Entirely self-contained closed cycle coolers are now available for science instruments. They are used a TON on space missions (likely close to or over 100 at this point) and are highly effective still on Earth.

We use Sunpower Cryotel GT coolers, which are free-piston Stirling cycle coolers. They are rather complex and their function quickly devolves into the realm of specific thermodynamic principles, but I’ll try to simplify things.

• There are basically two moving parts inside the cooler: a piston, and a displacer.
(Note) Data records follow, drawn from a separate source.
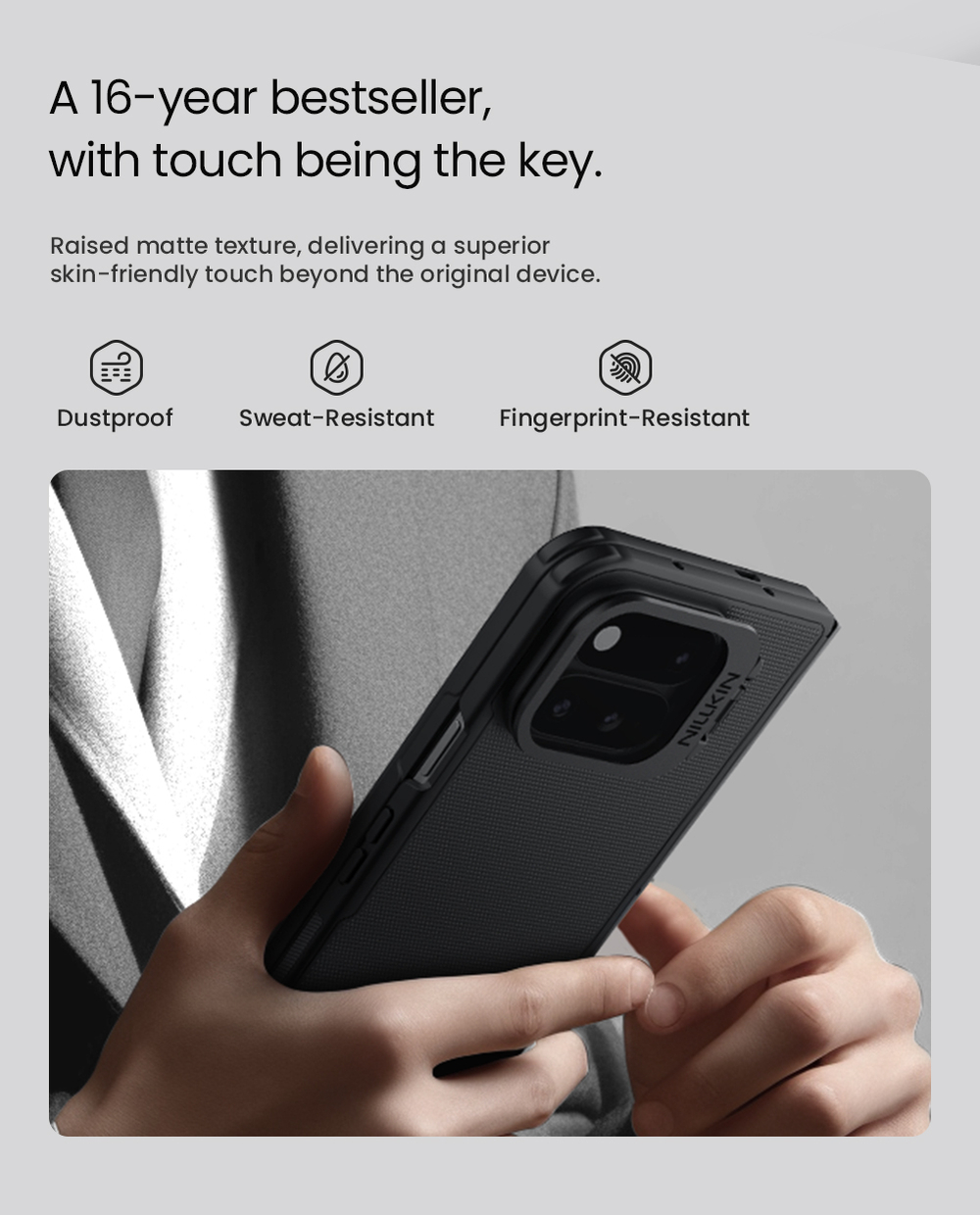 Чехол с MagSafe на смартфона Google Pixel 11 Pro Fold, серия Super Frosted Shield Prop Magnetic (версия с прозрачной откидной крышкой объектива) от Nillkin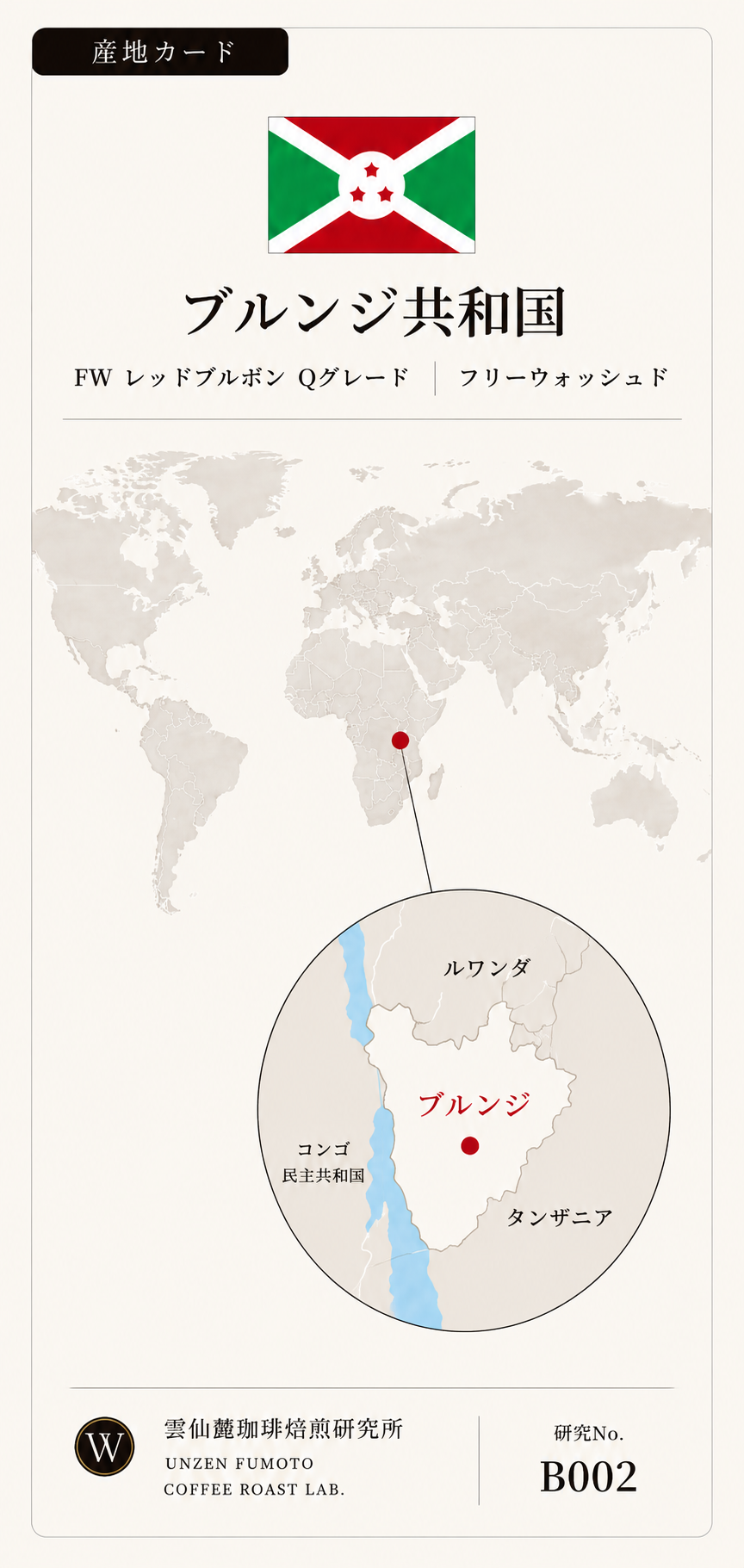 ブルンジ　レッドブルボン 産地カード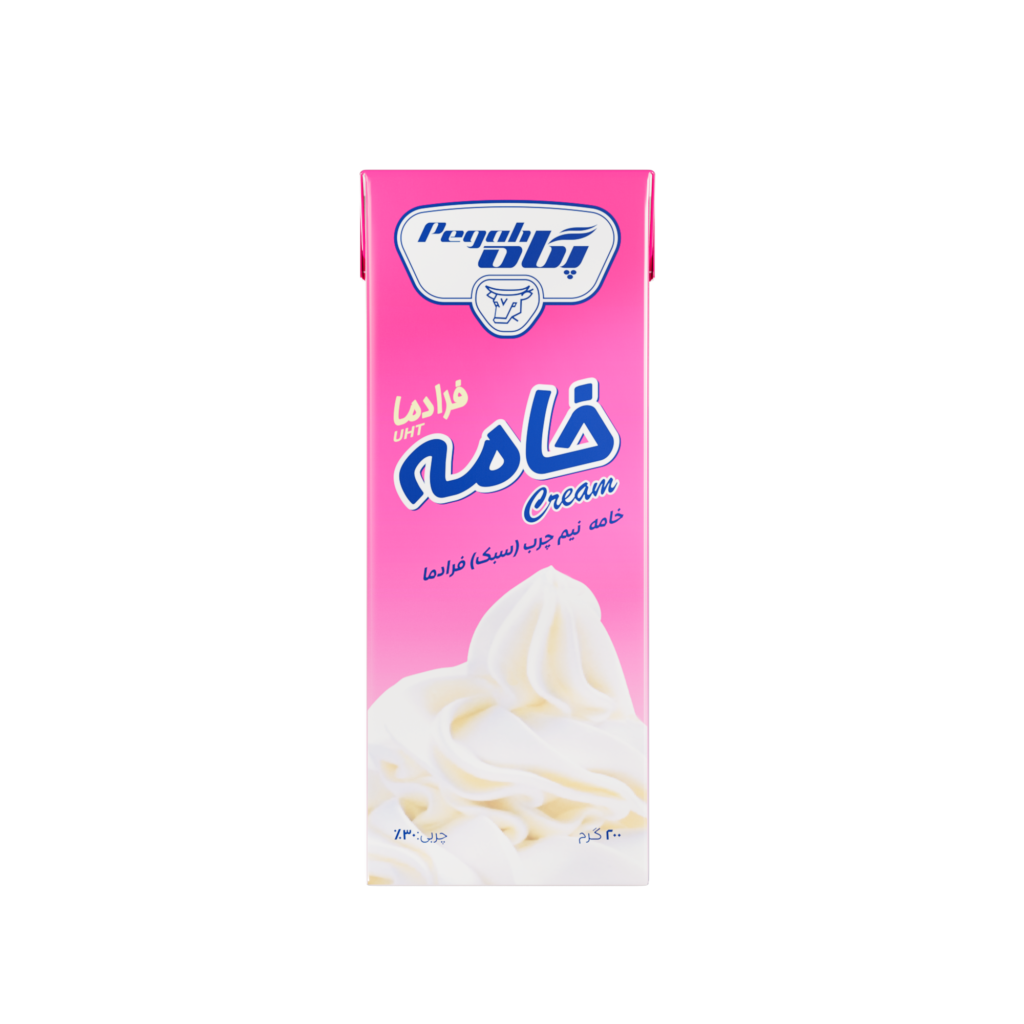 خامه استریل پاکتی ۲۰۰ گرم نیم چرب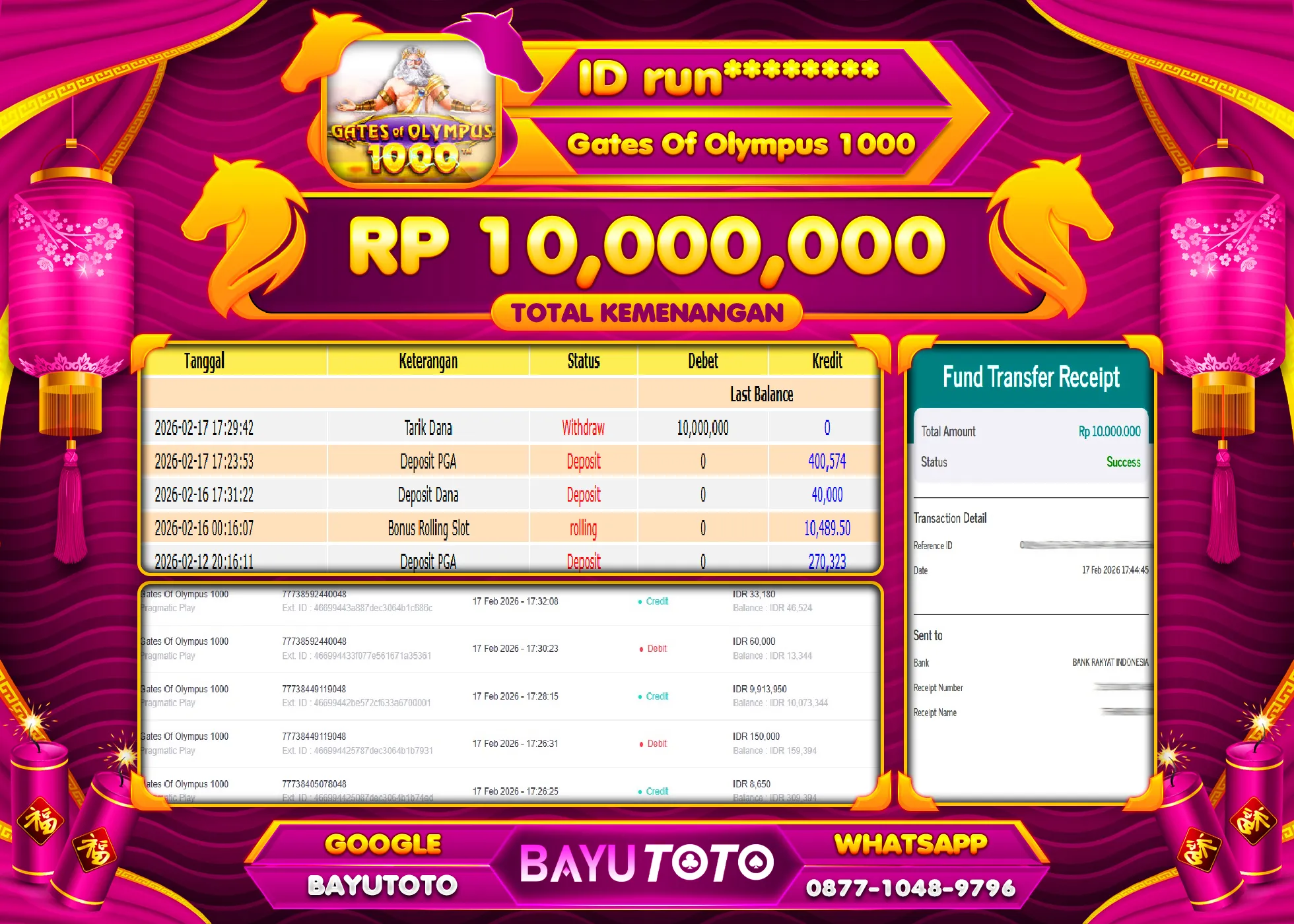 SELAMAT MEMBER SETIA BAYUTOTO JACKPOT DI SLOT GATES OF OLYMPUS 1000 Rp. 10,000,000 LUNAS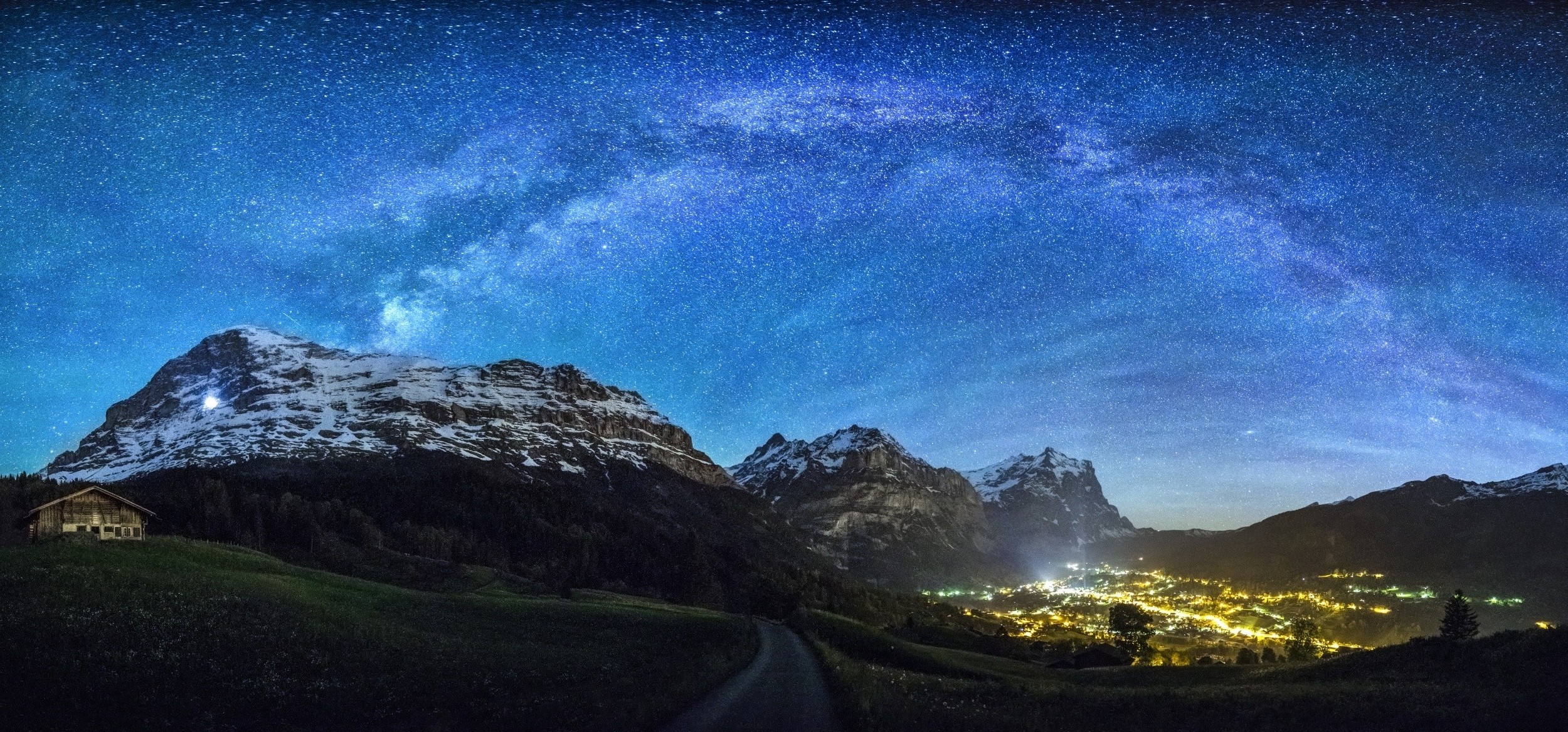 nature, Landscape, Mountain, Stars, Panoramas, Road, Milky Way, Lights, Switzerland, Snowy Peak, Sky, Galaxy, Forest, Grass, City, Cabin Wallpaper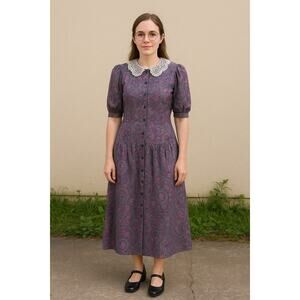 Vintage Gunne Sax Purple Paisley Puff Sleeve Crochet Cottage Maxi Dress Size 13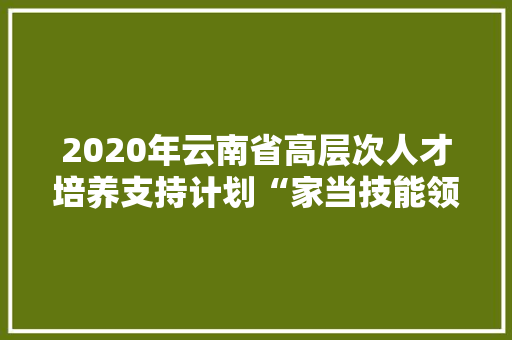 2020年云南省高层次人才培养支持计划“家当技能领军人才”等5个专项入选人才通知书记 互联通信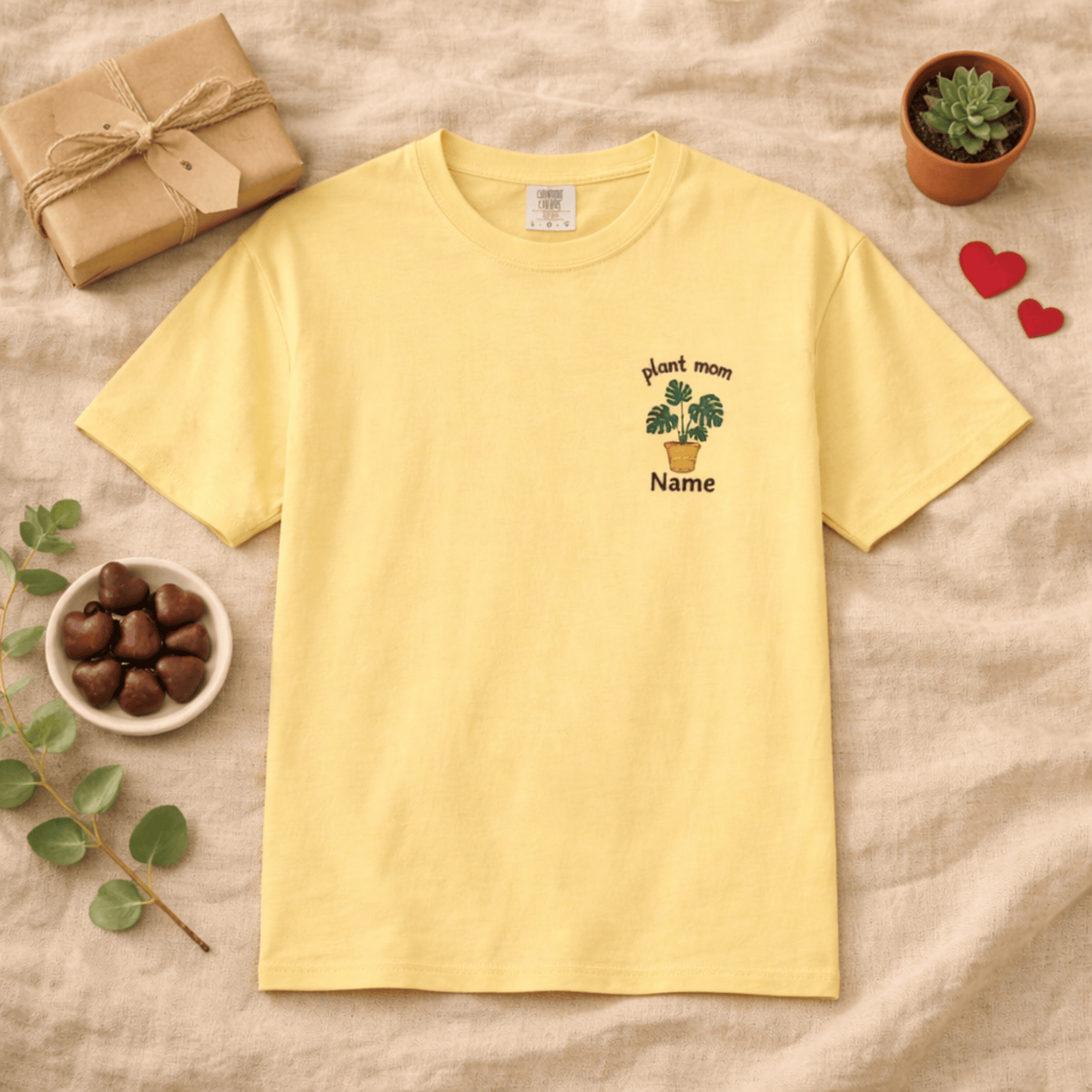 Printify T-Shirt Personalized Plant Mom T-Shirt – Custom Embroidered Plant Lover Gift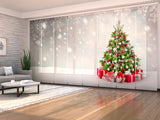 Schiebegardinen Weihnachtsbaum in Silber und Rot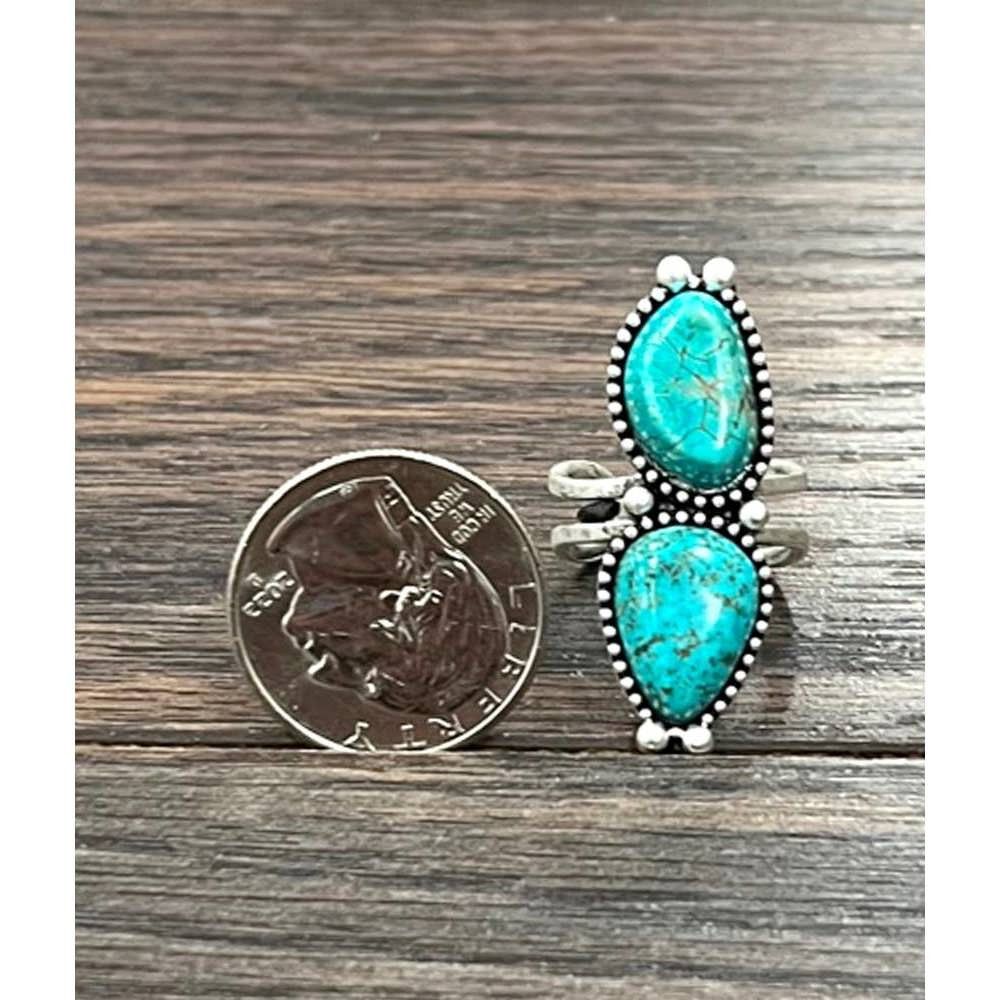 Other Boho Cowgirl Turquoise Adjustable Statement Cuff Ring with B Size ONE SIZE - 3 Thumbnail
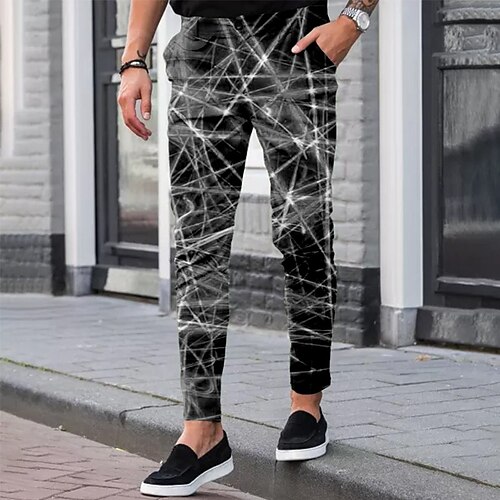 

Men's Dress Pants Joggers Chinos Trousers Pocket 3D Print Graphic Prints Crack Comfort Soft Office Business Basic Fashion Green Black / Spring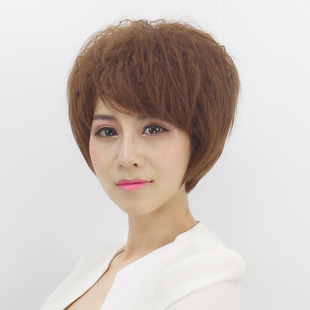 假发女短发 仿真发时尚玉米烫爆炸头蓬松透气逼真短卷发 wigs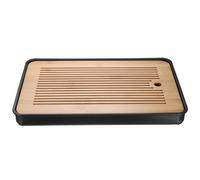 QUARKZMAN Bambou Chinois Gong Fu Thé Plateau 14,2" Jaune Noir | Classique Thé Plateau Bambou Thé Table Meuble Vintage Thé avec Eau Rangement Boîte pour Boire Thé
The two move together in such a way to move the working gas inside the cooler (helium) between two different zones, one in which it is compressed and one where it can expand.

• The phasing between the piston and displacer is such that when most of the gas is in the compression space, the piston compresses the gas and the heat generated is rejected to the outside world where it’s carried off.

-At the LDT, this is done by circulating a glycol/water mixture around part of the cooler where it’s carried away from the telescope entirely.

• The displacer then moves the gas through a side path to the expansion space where the gas can expand, and the displacer and piston are again phased in such a way to allow the gas to expand in this space and that absorbs heat. This has the effect of cooling the instrument.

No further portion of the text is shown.